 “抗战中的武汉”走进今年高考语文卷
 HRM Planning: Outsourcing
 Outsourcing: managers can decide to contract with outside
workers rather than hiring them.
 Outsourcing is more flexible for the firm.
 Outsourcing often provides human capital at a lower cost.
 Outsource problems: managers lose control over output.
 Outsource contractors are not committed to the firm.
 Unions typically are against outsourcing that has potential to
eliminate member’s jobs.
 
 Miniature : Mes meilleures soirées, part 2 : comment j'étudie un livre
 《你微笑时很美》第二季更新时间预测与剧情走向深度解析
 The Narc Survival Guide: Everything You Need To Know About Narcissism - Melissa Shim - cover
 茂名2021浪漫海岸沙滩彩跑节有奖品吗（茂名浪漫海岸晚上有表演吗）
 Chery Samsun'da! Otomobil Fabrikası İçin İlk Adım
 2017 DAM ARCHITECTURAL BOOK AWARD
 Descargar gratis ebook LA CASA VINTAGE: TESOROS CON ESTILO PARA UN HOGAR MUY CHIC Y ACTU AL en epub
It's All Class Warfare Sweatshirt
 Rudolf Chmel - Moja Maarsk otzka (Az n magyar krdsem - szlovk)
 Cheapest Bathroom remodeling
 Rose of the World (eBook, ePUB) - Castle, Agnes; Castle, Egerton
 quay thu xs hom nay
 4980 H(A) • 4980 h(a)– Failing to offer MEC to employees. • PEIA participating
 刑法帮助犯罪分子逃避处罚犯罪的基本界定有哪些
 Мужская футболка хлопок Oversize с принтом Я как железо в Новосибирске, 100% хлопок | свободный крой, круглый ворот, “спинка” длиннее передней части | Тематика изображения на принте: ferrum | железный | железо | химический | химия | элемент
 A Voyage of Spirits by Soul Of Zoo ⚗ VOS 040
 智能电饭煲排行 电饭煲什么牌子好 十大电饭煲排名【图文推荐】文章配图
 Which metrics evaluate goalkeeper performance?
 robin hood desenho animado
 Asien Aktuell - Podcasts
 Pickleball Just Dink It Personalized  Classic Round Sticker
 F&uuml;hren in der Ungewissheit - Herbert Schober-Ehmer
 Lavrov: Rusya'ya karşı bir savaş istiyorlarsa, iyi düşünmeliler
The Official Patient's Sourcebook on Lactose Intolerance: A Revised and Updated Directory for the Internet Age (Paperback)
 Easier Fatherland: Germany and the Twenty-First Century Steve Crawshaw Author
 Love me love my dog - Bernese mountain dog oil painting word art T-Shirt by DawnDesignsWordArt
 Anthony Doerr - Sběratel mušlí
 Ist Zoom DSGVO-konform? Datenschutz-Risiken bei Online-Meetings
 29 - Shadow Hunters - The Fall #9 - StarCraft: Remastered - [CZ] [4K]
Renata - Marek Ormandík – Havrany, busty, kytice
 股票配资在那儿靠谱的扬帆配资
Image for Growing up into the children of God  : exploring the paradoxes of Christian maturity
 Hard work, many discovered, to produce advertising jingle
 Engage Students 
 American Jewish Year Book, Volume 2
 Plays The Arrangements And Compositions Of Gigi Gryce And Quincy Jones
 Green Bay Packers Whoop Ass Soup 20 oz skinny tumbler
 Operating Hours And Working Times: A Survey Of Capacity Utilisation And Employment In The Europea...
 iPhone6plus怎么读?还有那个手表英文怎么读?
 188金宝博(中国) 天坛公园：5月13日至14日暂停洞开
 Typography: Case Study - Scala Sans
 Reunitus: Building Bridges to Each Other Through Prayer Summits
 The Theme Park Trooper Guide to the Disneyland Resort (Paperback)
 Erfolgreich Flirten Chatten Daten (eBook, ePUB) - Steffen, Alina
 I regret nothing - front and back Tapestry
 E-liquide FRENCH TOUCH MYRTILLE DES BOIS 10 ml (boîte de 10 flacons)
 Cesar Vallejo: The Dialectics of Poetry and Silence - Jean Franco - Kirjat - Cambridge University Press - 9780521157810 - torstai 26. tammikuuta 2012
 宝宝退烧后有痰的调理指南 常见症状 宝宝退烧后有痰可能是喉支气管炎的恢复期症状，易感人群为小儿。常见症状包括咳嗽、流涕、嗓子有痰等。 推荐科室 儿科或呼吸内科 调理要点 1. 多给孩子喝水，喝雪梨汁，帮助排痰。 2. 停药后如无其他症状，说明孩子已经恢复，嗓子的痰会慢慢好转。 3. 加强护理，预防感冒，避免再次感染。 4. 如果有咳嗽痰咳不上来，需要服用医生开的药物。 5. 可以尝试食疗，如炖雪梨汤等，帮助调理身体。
####################
Your objective:
Locate and copy each line in the data above that includes the word "Paperback".

Answer below:
The Official Patient's Sourcebook on Lactose Intolerance: A Revised and Updated Directory for the Internet Age (Paperback)
 The Theme Park Trooper Guide to the Disneyland Resort (Paperback)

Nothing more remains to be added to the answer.